In June, the FMA started consultation on whether it should use its exemption powers to enable personalised robo-advice (also known as online or digital advice) under the current financial advice regime to foster innovation and improve consumer access to advice. Proposed changes to financial adviser laws are also designed to address this issue, but will not come into effect until 2019.
49 submissions were received by the FMA. 47 have been published. Submissions to the consultation focused on a number of themes. Strong support was seen for an exemption from the current laws preventing personalised robo-advice.
There was general opposition to the imposition of any financial limits, such as an individual client investment limit or a limit on the total investment amount of products.
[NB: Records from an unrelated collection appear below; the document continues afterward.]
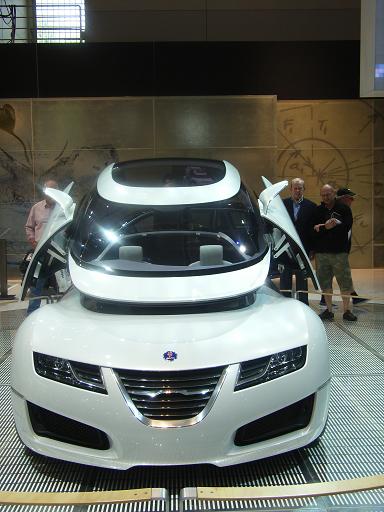 Saab met vouwdak.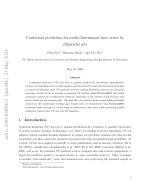Conformal prediction for multi-dimensional time series by ellipsoidal sets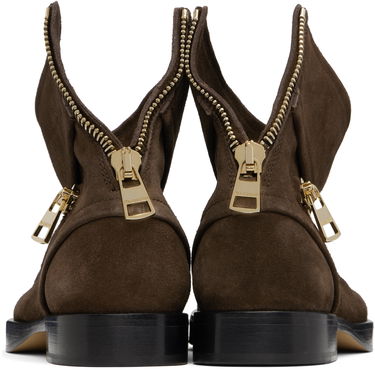 Tøj JW Anderson JW Anderson Suede Biker Boots Brun | BT0102-LA0240, 1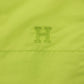 HERMES Logos Swim Pants Neon Yellow Nylon Size L #AG688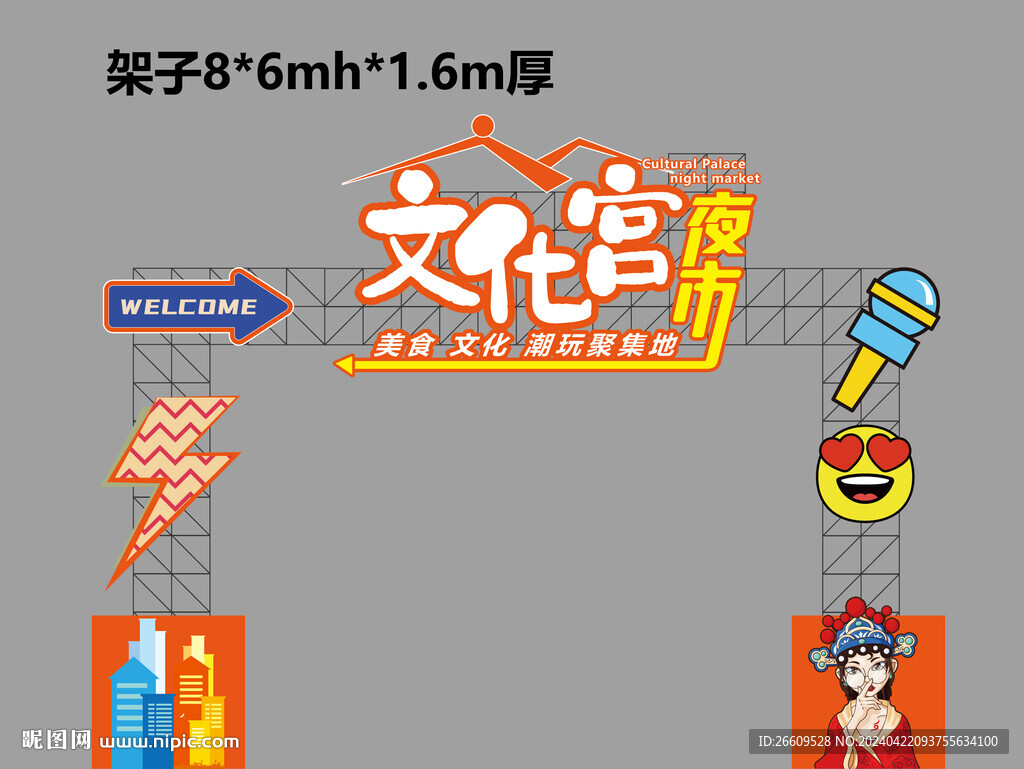 夜市门头
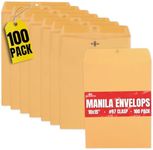 1InTheOffice Clasp Envelopes 10x15,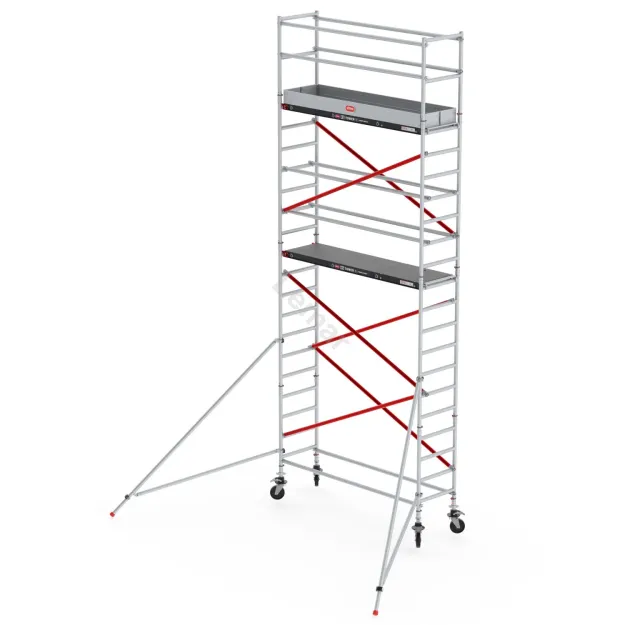 Rusztowania aluminiowe Altrex 5100 PLUS-0,90x1,85- wys.robocza:7,20m, wys.podestu:5,20m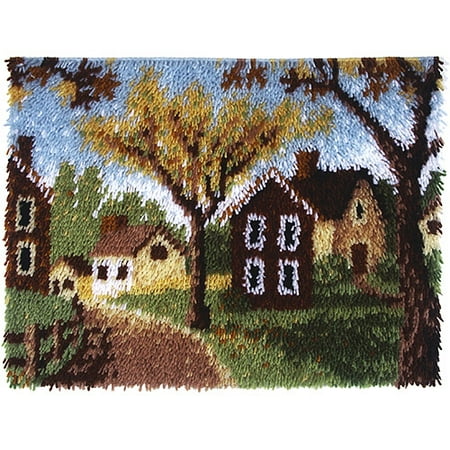Caron Wonderart Latch Hook Kit, Country Cottages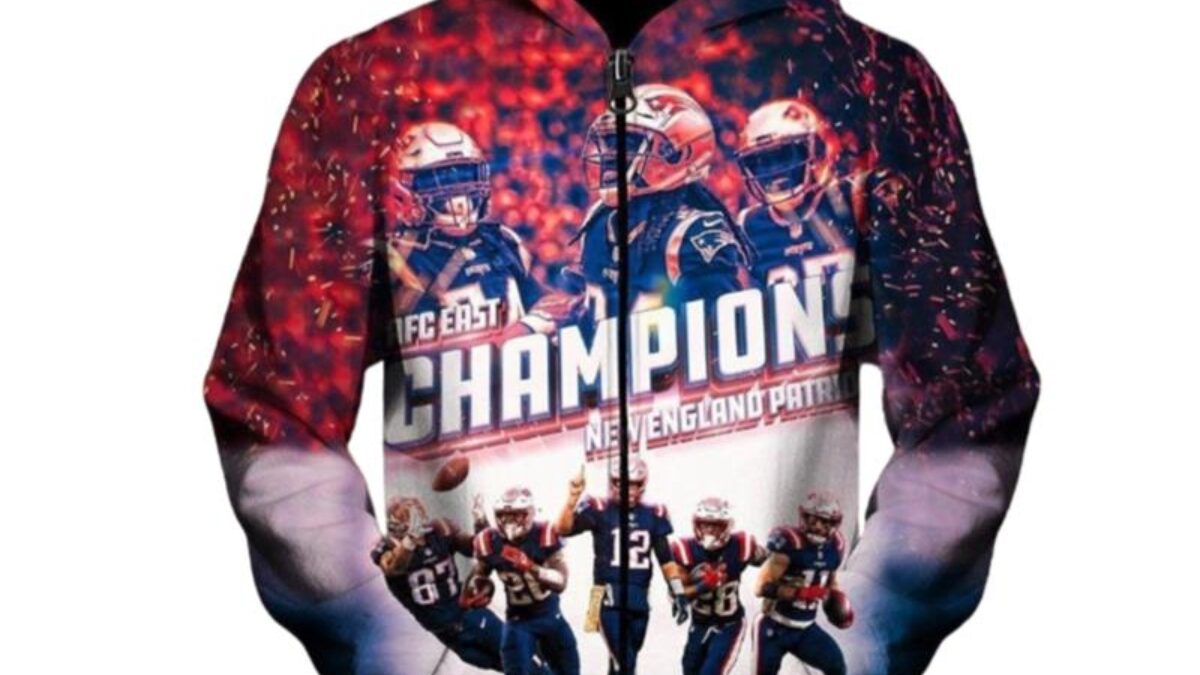 Nfl New England Patriots 3D Hoodie - Peto Rugs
Many submitters believed robo-advice should meet the same standards as those that apply to authorised financial advisers (AFAs).
The FMA considered the submissions and decided to grant an exemption. Providers will need to apply to the FMA to rely on the exemption. The FMA is aiming for this process to start in early 2018.
The press release states that finalising the exemption requires a further consultation, in November, on the details of the application process and drafting of the exemption notice.
Liam Mason, FMA Director of Regulation said, “Firms who want to offer personalised robo-advice services must apply to us to rely on the exemption. This is consistent with our gatekeeper role for other financial advisers (AFAs and QFEs) and provides us with increased visibility over the providers entering this market.”
FMA recognises financial limits may be difficult to apply in practice or may have unintended consequences. The FMA has decided not to impose financial limits on personalised robo-advice and the eligible product list has been expanded to include mortgages and personal insurance products.
Companies seeking to offer personalised robo-advice will have to provide the FMA with good character declarations for directors and senior managers as well as information showing they have the capability and competence to provide the robo-advice service. The exemption conditions will also be designed so that the robo-advice service is provided in a manner that is consistent with AFA requirements.
“The exemption conditions and our ability to monitor providers will help us to manage risks and ensure consumer protection safeguards are in place,” Mr Mason said.
A number of submissions requested exemption conditions be aligned with the requirements that will apply under the new advice regime to be put in place in 2019. The FMA is not able to bring forward requirements that would apply under the new advice regime, many of which are still to be developed. The exemption application process will not be a substitute for obtaining a licence under the new advice regime.